'Negative capacitance' could bring more efficient transistors

(Nanowerk News) Researchers have experimentally demonstrated how to harness a property called negative capacitance for a new type of transistor that could reduce power consumption, validating a theory proposed in 2008 by a team at Purdue University.
The researchers used an extremely thin, or 2-D, layer of the semiconductor molybdenum disulfide to make a channel adjacent to a critical part of transistors called the gate. Then they used a “ferroelectric material” called hafnium zirconium oxide to create a key component in the newly designed gate called a negative capacitor.
Capacitance, or the storage of electrical charge, normally has a positive value. However, using the ferroelectric material in a transistor’s gate allows for negative capacitance, which could result in far lower power consumption to operate a transistor. Such an innovation could bring more efficient devices that run longer on a battery charge.
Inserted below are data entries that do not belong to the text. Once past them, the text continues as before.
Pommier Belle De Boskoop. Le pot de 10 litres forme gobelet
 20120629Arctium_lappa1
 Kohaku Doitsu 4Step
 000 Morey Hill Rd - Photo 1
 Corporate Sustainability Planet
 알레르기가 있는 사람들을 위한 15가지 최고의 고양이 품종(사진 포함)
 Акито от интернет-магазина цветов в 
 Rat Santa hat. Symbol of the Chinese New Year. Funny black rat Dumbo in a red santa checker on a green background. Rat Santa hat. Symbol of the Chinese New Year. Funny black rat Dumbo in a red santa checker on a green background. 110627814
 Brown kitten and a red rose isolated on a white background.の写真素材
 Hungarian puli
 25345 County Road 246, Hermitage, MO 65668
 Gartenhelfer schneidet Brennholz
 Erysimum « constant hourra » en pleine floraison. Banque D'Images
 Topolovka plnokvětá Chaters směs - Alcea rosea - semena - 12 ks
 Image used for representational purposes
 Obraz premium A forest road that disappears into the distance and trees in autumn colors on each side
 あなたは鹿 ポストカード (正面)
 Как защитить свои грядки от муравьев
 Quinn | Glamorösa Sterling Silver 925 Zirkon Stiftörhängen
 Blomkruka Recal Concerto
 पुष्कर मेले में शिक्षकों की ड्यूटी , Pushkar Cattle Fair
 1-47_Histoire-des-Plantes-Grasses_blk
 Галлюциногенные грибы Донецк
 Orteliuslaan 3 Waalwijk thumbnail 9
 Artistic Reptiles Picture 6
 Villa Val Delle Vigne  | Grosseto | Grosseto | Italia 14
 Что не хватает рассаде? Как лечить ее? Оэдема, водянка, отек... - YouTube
Hafnium oxide is now widely used as the dielectric, or insulating material, in the gates of today’s transistors. The new design replaces the hafnium oxide with hafnium zirconium oxide, in work led by Peide Ye, Purdue’s Richard J. and Mary Jo Schwartz Professor of Electrical and Computer Engineering.
“The overarching goal is to make more efficient transistors that consume less power, especially for power-constrained applications such as mobile phones, distributed sensors, and emerging components for the internet of things,” Ye said.
Findings are detailed in a research paper published in the journal Nature Nanotechnology ("Steep Slope Hysteresis-free Negative Capacitance MoS2 Transistors").
A new type of transistor (a) harnesses a property called negative capacitance
A new type of transistor (a) harnesses a property called negative capacitance. The device structure is shown with a transmission electron microscopy image (b) and in a detailed “energy dispersive X-ray spectrometry” mapping (c). (Image: Mengwei Si) (click on image to enlarge)
The original theory for the concept was proposed in 2008 by Supriyo Datta, the Thomas Duncan Distinguished Professor of Electrical and Computer Engineering, and Sayeef Salahuddin, who was a Purdue doctoral student at the time and is now a professor of electrical engineering and computer sciences at the University of California, Berkeley.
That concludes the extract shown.